The Lake Mackenzie hut is about 43km away from the Glenorchy end of the Routeburn track and takes about 5 hours to reach from the Divide on Milford Rd.

This morning Otago Tramping and Mountaineering Club spokesman Ian Sime said it was unlikely the couple had left tramping intentions or signed in before starting their hike.

He said it normally just three days to complete the popular walking track.


"She can't have filed an intention form at the start because if she did someone would have been looking for her within a week."

"Five weeks - it's just unbelievable," said Sime.

Given she had stayed in a warden's hut she would have been warm and had access a large supply of food.

"If she was in the warden's hut she would have been okay," he said.

The Lake Mackenzie warden's hut was locked at this time of year so the woman must have broken in, Sime said.

There were no conservation rangers stationed along the track outside the Great Walks season.


The Great Walks season ended on the 27th of April this year and would restart on October 25 according to DoC's website.

Sime said at this time of year it was possible snow conditions would make the track difficult for people to pass through.

Flushing toilets at the site were shut down for the off season, replaced with pit toilets and gas was not provided, with DoC recommending online that trampers bring their own cooking stoves.

Running water was also turned off inside the huts but could be accessed from the outside water tank or by melting snow.

Ultimate Hikes general manager Noel Saxon, who runs guided tramps of the track, was surprised it took a month before the woman was found.

He said even during the quieter winter season he would have expected another tramper to have come across her earlier.


Heliworks Queenstown Helicopters general manager Richard Mills said his crew flew the woman out of the area.

He said the woman was "ecstatic" when she was rescued.

There had been no instructions about recovering the man's body.

He said the tragedy could have been averted if the couple were carrying a personal locator beacon.

"If any good can come of this it is the message to carry PLBs. They can take the 'S' our of SAR [Search and Rescue]."

The Routeburn Track stretches for 32 kilometres linking the Mount Aspiring and Fiordland National Parks.

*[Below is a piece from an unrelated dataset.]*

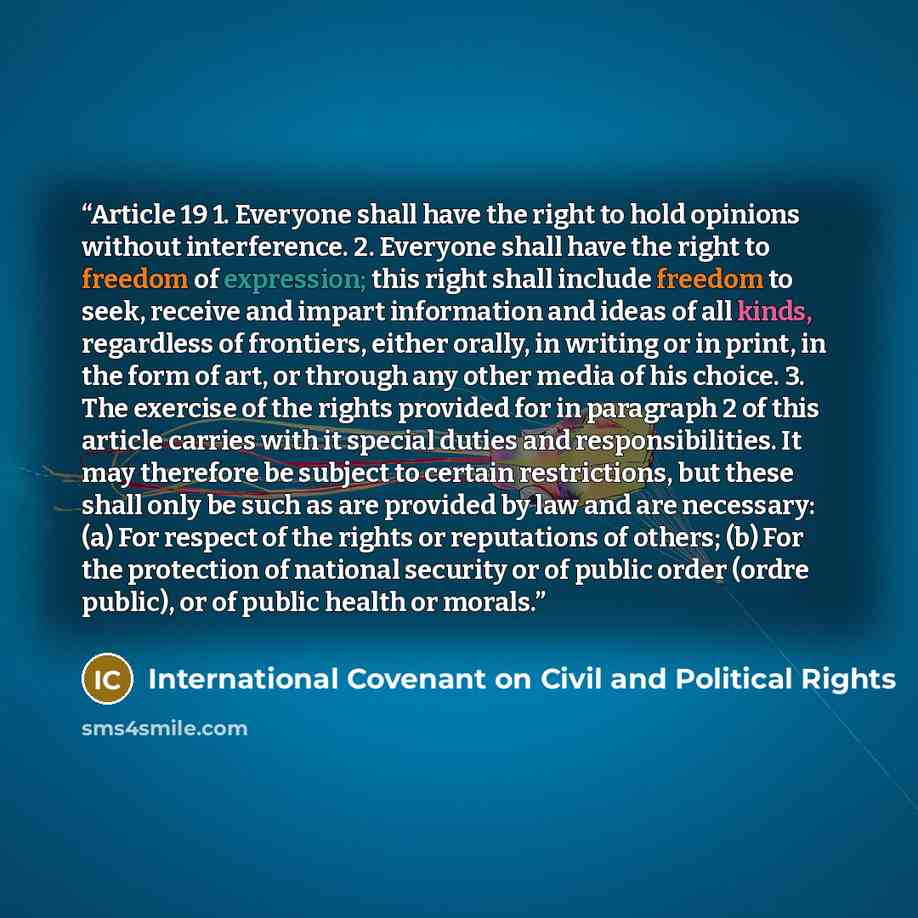 “Article 19 1. Everyone shall have the right to hold opinions without interference. 2. Everyone shall have the right to freedom of expression; this right shall include freedom to seek, receive and impart information and ideas of all kinds, regardless of frontiers, either orally, in writing or in…” quote by International Covenant on Civil and Political Rights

It can be entered at either end with one entrance at Glenorchy and the other at the Te Anau-Milford Rd.

It is ranked as an intermediate track by the Department of Conservation.

Ultimate Hikes general manager Noel Saxon said at this time of the year there's likely to be a lot of snow, markers would be covered and walking out would be very difficult.

Mr Saxon said it's remarkable the woman survived a month, and that it would've been a very lonely experience.